The CARIPASS will be accepted as a valid travel document within and between participating member states and will allow cardholders to access automated gate facilities at immigration checkpoints that will use biometric technology to verify the user.

== Background ==

The Twenty-Eighth Meeting of the Conference of the Caribbean Community of Heads of Government that took place in Antigua and Barbuda in July 2007 agreed to the introduction of a regional travel card. The card would be supported by security features and would facilitate "hassle free" movement of nationals and legal residents of CARICOM States. The Twenty-Ninth Meeting of the Conference of Heads of Government in July 2008 agreed to the development and implementation of a voluntary, trusted traveller programme which would assist in the promotion of domestic tourism and would facilitate travellers.

=== Past efforts at standardisation of border controls ===

In 2007, CARICOM hosted ICC Cricket World Cup during the period 13 March to 28 April 2007. In preparation for this surge of international visitors to the nine host countries, the Region introduced several standardised security measures to facilitate the ease of processing visitors. Dominica also agreed to implement the standardised security. Such features included the introduction of an Advance Passenger Information System, a standardised Embarkation/Disembarkation (E/D) Card and a Common CARICOM Visa.

Another significant feature was a standardised wristband that was applied to persons travelling via air or transiting to cruise ship vessels. This security band, which featured a different random colour for each day, allowed persons who had already entered one of the Participating nine countries or Dominica to be considered as domestic travelers. The wristband travelers were recognised by immigration as travelling within a virtual Single Domestic Space, and as such were not processed as international travelers. The wristband initiative was a collaborative effort between the Participating CARICOM Member States, the Joint Regional Communications Centre (JRCC) and the Implementation Agency for Crime and Security (IMPACS).

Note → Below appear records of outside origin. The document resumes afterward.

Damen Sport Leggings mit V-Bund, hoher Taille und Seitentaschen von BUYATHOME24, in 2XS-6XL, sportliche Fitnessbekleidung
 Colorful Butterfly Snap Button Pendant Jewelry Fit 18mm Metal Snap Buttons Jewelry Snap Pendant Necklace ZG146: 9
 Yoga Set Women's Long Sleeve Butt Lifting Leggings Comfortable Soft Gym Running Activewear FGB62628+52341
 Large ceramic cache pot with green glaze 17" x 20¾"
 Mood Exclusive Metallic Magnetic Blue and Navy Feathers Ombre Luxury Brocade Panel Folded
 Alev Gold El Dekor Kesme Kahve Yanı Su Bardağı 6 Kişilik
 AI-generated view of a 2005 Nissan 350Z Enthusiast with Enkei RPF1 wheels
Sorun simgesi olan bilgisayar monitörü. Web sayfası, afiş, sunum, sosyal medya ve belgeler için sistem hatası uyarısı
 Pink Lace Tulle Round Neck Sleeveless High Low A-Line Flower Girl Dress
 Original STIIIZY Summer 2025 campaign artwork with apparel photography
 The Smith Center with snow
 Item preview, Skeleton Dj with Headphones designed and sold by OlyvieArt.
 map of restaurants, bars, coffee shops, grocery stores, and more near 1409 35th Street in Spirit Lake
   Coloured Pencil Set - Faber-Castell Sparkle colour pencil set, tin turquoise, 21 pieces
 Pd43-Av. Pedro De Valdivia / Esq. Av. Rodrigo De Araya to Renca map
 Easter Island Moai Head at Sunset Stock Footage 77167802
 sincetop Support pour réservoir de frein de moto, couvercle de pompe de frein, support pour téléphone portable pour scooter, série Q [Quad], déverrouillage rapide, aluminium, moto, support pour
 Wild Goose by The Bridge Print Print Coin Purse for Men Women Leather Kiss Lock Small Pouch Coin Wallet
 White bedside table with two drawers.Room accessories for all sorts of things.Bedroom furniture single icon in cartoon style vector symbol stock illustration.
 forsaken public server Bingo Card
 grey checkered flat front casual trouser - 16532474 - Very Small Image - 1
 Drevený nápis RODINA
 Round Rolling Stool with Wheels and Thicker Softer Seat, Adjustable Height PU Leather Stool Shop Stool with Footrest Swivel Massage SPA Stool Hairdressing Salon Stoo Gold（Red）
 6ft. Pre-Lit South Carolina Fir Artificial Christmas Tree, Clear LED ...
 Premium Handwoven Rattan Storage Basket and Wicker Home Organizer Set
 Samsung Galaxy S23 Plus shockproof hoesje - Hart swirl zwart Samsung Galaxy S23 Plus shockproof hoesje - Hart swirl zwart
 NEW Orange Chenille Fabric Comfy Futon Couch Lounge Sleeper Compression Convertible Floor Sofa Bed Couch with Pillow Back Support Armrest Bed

== Participating member states ==

- Antigua and Barbuda
- Barbados
- Dominica
- Grenada
- Guyana
- Jamaica
- Saint Kitts and Nevis
- Saint Lucia
- Saint Vincent and the Grenadines
- Trinidad and Tobago

== Infrastructure ==

The CARIPASS System was based on existing hardware and other infrastructure put in place for the Common CARICOM visa of 2007. Due to this decision by the Conference of Heads of CARICOM, the initial launch of CARIPASS System is initially limited to the ten Member States that participated in the Common Visa System.

== Legislation ==

In CARICOM, the introduction of any new system must be accompanied by relevant legislation. For CARIPASS, two pieces of legislation are required for the document to be recognised as a valid travel document, and to ensure the automatic gates are recognised as legitimate immigration checkpoints. These are the CARIPASS Treaty and CARIPASS national legislation.

The CARIPASS Treaty entered into force following the signature of six CARICOM Member States in March 2010. To date, seven CARICOM Member States are party to the CARIPASS Treaty, six of which are participating states in the CARIPASS System.

The model CARIPASS legislation was coordinated through the Office of the General Counsel, CARICOM. The model legislation is pending review by the Legal Affairs Committee of CARICOM, but would be completed and distributed to all CARICOM States in 2011. Each State must be party to the CARIPASS Treaty and enact any relevant national legislation prior to launching the System.

Below is a list of the participating member states with details on the CARIPASS Treaty.

- Member states who have signed the treaty
- Antigua and Barbuda (12 March 2010)
- Grenada (12 March 2010)
- St. Kitts and Nevis (12 March 2010)
- Saint Lucia (11 March 2010)
- Trinidad and Tobago (12 March 2010)

- Member states who have acceded to the treaty
- Guyana (27 April 2010)

- Member states who have not yet signed the treaty
- Barbados
- Dominica
- Jamaica
- St. Vincent & the Grenadines

==Eligibility==

The Conference of Heads of Government of CARICOM agreed to the eligibility categories for the introduction of the CARIPASS. Given that the CARIPASS uses biometric technology to match the cardholder against the information within the CARIPASS System, the cardholder must be a minimum of sixteen (16) years of age. One reason for the age requirement is that biometrics, such as fingerprints and iris shape can change with age.

Under the proposed free movement of the Revised Treaty of Chaguaramas (2001), the Conference of Heads of Government supported the movement of CARICOM nationals and therefore agreed to first implement the CARIPASS for CARICOM nationals of and resident within Participating States.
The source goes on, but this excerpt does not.